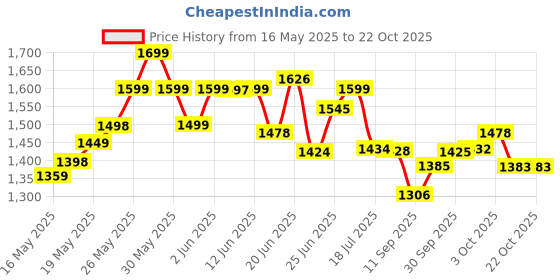 flipkart.com best 4u Steel Floor Cloth Dryer Stand Premium Quality 3 layer Clothes Rack Hanger best 4u Price History Graph from 16 May 2025 to 20 Oct 2025
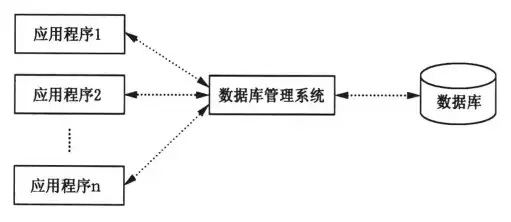 数据库管理技术的规范化管理阶段，实现数据冗余度最低的奥秘解析，数据库管理技术分为哪几个阶段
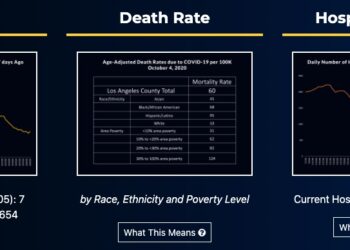 ๐บ10์ 6์ผ ์ฝ๋ก๋ 19 ํํฉ…LA ์ ๊ท๊ฐ์ผ์ ํ๋ฃจ ์ ์ ๋ฐ ๋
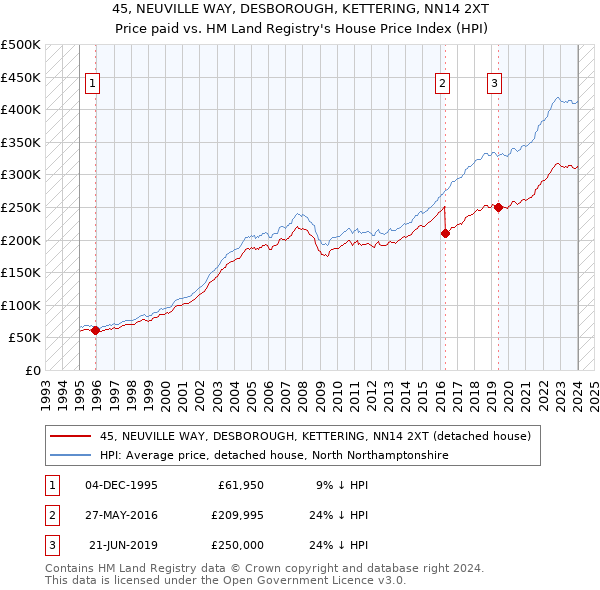 45, NEUVILLE WAY, DESBOROUGH, KETTERING, NN14 2XT: Price paid vs HM Land Registry's House Price Index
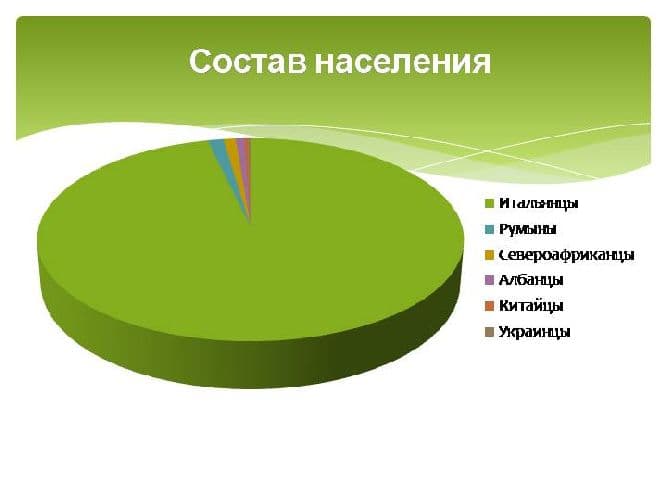 Население Италии – численность и плотность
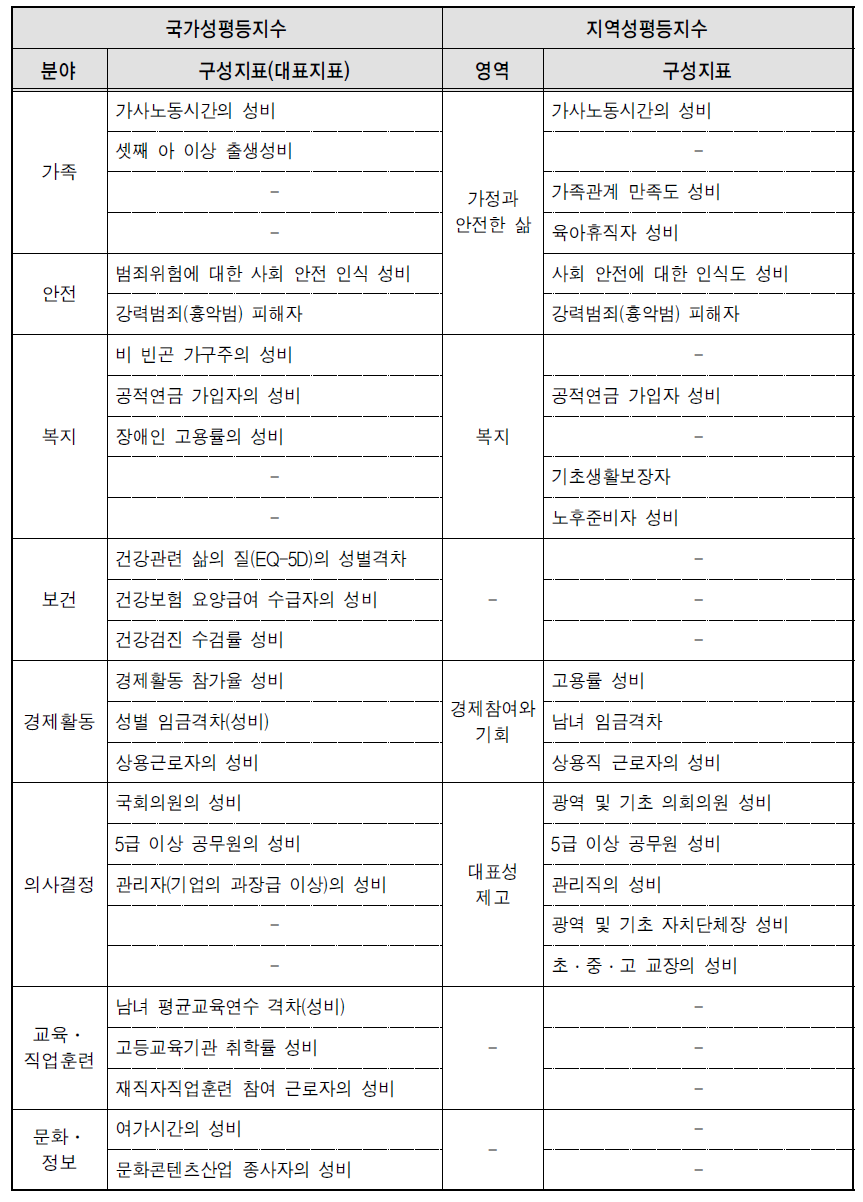 지역성평등지수와 국가성평등지수의 영역과 지표 비교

» **Directions**
Every line from the one with "数据库管理技术的规范化管理阶" through the end of the records is to be reproduced exactly, and the pictures are to be left out.

» **Solution**
 数据库管理技术的规范化管理阶段，实现数据冗余度最低的奥秘解析，数据库管理技术分为哪几个阶段
 ๐บ10์ 6์ผ ์ฝ๋ก๋ 19 ํํฉ…LA ์ ๊ท๊ฐ์ผ์ ํ๋ฃจ ์ ์ ๋ฐ ๋
 45, NEUVILLE WAY, DESBOROUGH, KETTERING, NN14 2XT: Price paid vs HM Land Registry's House Price Index
 Население Италии – численность и плотность
 지역성평등지수와 국가성평등지수의 영역과 지표 비교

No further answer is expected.